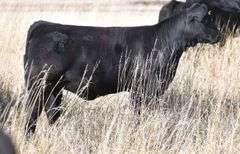 TAG G08 HEIFER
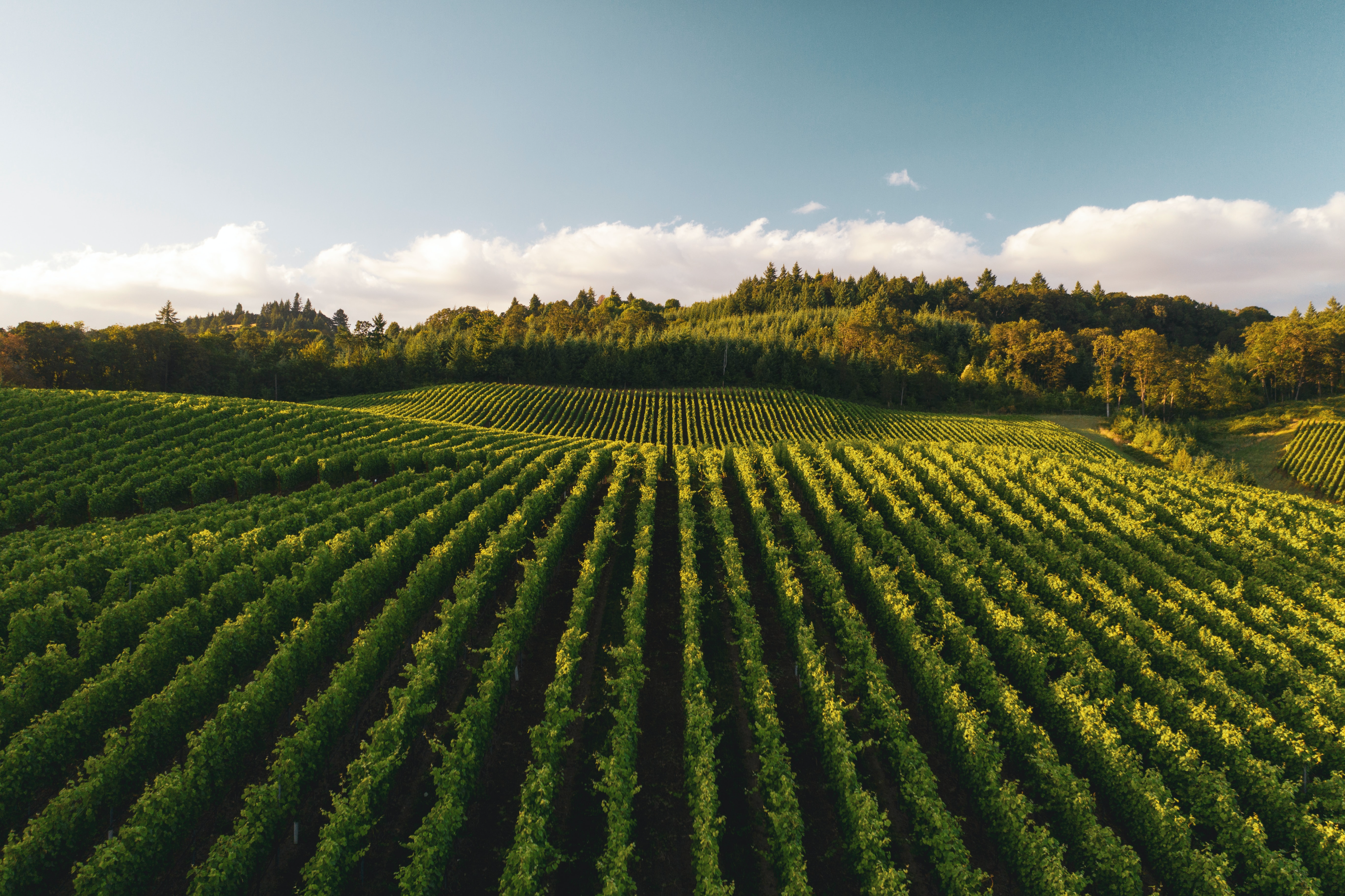 Vineyard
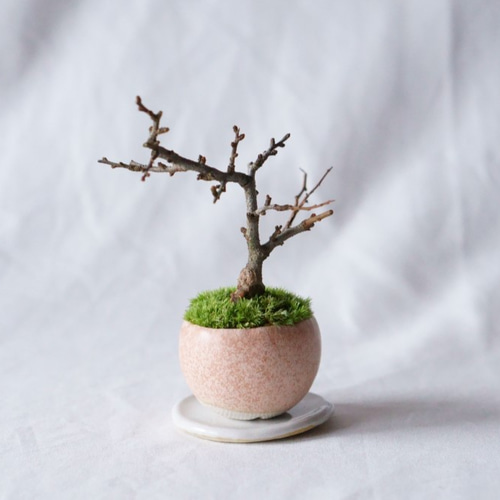 一点物】盆栽・梅・造花・工芸盆栽・手作り 【公式通販】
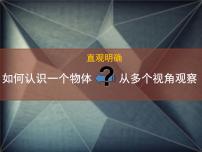 初中美术人美版八年级下册2.手绘线条图像——物象的多视角表达图文ppt课件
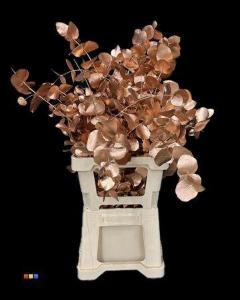 Eucalyptus cinerea kleurbehandeld per bos H%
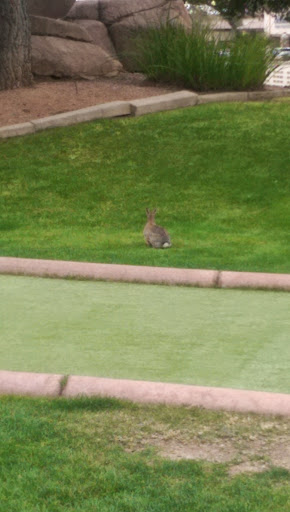 Amusement Park «CrackerJax», reviews and photos, 16001 N Scottsdale Rd, Scottsdale, AZ 85254, USA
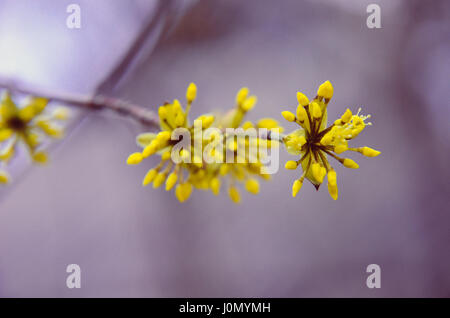 Europäische Cornel Baum Bossom Blüte Stockfoto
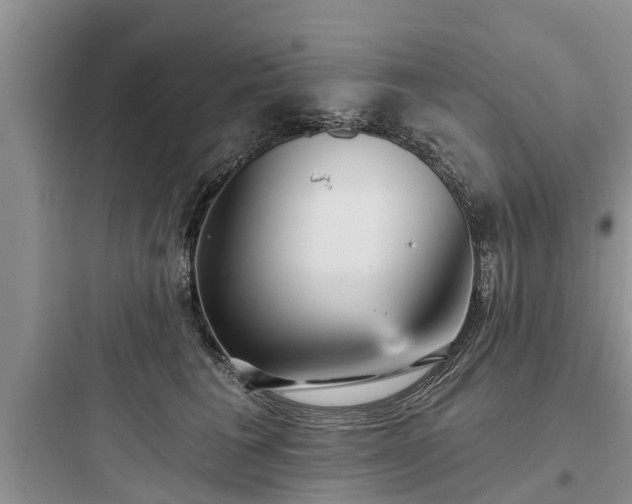 X0000097910613200803211506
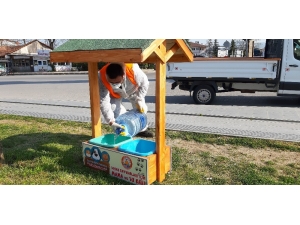 19 Mayıs Belediyesi Sokak Hayvanlarını Unutmadı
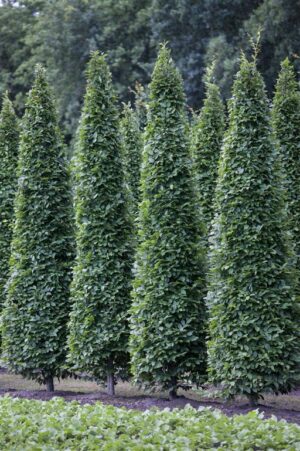 Harilik valgepöök ‘Fastigiata’ P28 200-225cm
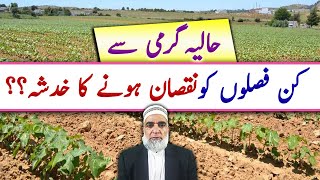 Impacts of current heat wave on different crops || Crop Reformer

-----

→ **WHAT IS REQUIRED**
Only the lines from the one that holds "19 Mayıs Belediyesi" through the final line of the material should be reproduced, word for word, with the pictures omitted.

→ **ANSWER FOR THIS EXERCISE**
 19 Mayıs Belediyesi Sokak Hayvanlarını Unutmadı
 Harilik valgepöök ‘Fastigiata’ P28 200-225cm
 Impacts of current heat wave on different crops || Crop Reformer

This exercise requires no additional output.